わざと難解な問題を出したりしてみて、ほくそ笑みながらバレないように眺める、いや愛でる。
自分が変態なんではないかと疑うほどだ。
しかし優はなぜここに来るのだろう?
ある時ふと気づいた。
特に数学が苦手でもないと。
俺をからかいにきてるのか?単なる暇つぶしか??
全くなにを考えているのかわからない。
たまにじぃーっと見られてる時がある…気がする。その程度だ。
真面目に受験勉強に取り組まなきゃならないこの時期に優は少し素行の悪い子たちとつるんでいた。幼馴染らしい彼らと一緒にいて楽しそうには見えなかったので、とりあえず教師らしく注意はしておいた。

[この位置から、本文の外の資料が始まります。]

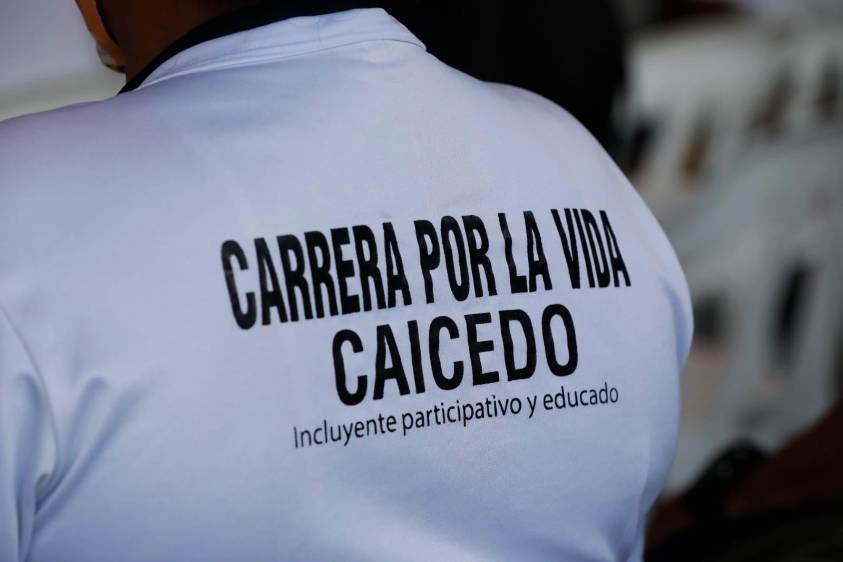En la antesala del encuentro de reconocimiento, en el marco de un proceso que lidera la Comisión de la Verdad desde septiembre pasado, las camisas blancas llenan el coliseo del municipio. Foto: Camilo Suárez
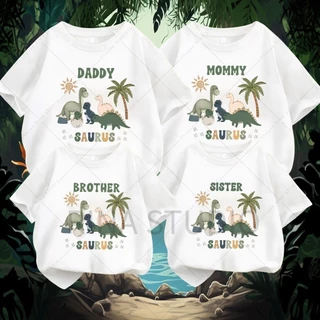 🔥พร้อมส่ง&COD🔥RINA STUDIO เสื้อผ้าพ่อแม่ลูกการ์ตูนไดโนเสาร์พิมพ์ครอบครัวจับคู่ชุดเสื้อเด็กวันเกิดปาร์ตี้ครอบครัวเสื้อยืด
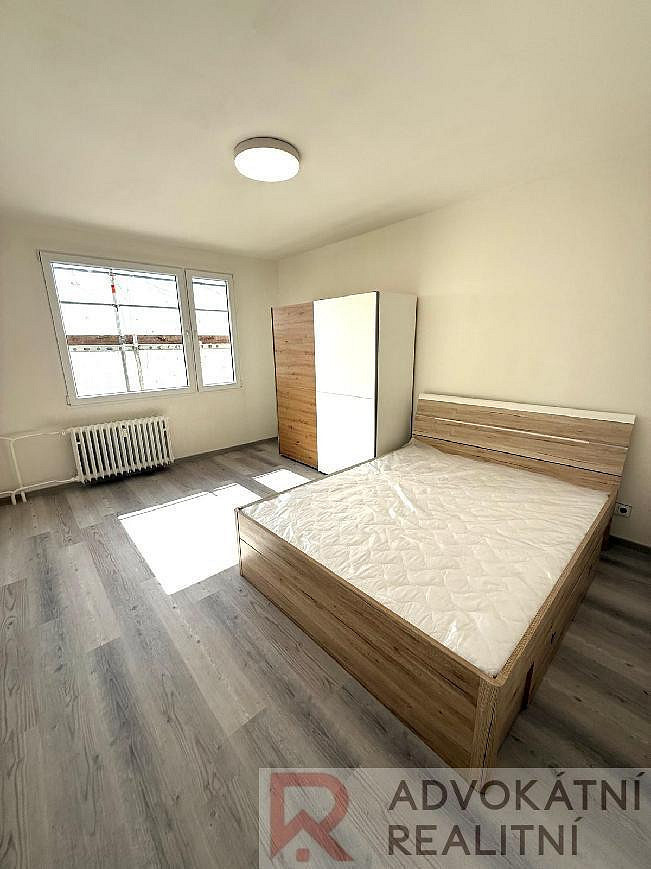 Pronájem bytu 2+kk 36 m² – fotografie 4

『そんなことはわかってる。俺はそんなにバカじゃない。あいつらと一緒にするな』
そう優は笑っていた。
俺達は短い時間を重ねただけだったが、お互いの距離は縮まっていた。
だから俺はごく自然に下の名前で呼ぶようになっていた。
ちょっと意地悪したかな?と思う難問に優がひとつのヒントだけで解けた時だったか
久々の高揚感に襲われつい口に出ていた。
「 優!凄いじゃないか!!よくやったな!」
『 先生のヒントで閃いたんだ!俺、やるだろ う!!
てか、先生今、俺のこと名前で呼んだ!?呼んだ??呼んだよね!!嬉しいな~』
この屈託のない喜び溢れる笑顔は俺の名前呼びの恥ずかしさまで飛ばしてくれたようだった。
それにしても無意識に名を呼んでいた。これはやはり不味いだろう。
俺の中で優の存在が大きくなっていることを自覚してしまった。
おいおい、相手は生徒だぞ!15歳だぞ!
常識的に考えればいろいろヤバいだろう。
しかも同性だ…優の将来を見ても俺から何かをすべきものではない。
あいつはまだ何もわかってないだろうから。
優との空間は心地いい。何がどうというわけではない。大した会話をするわけでもない。
ただそこに2人でいることに意味がある気がした。
そんな俺たちがあの日から変わったんだ。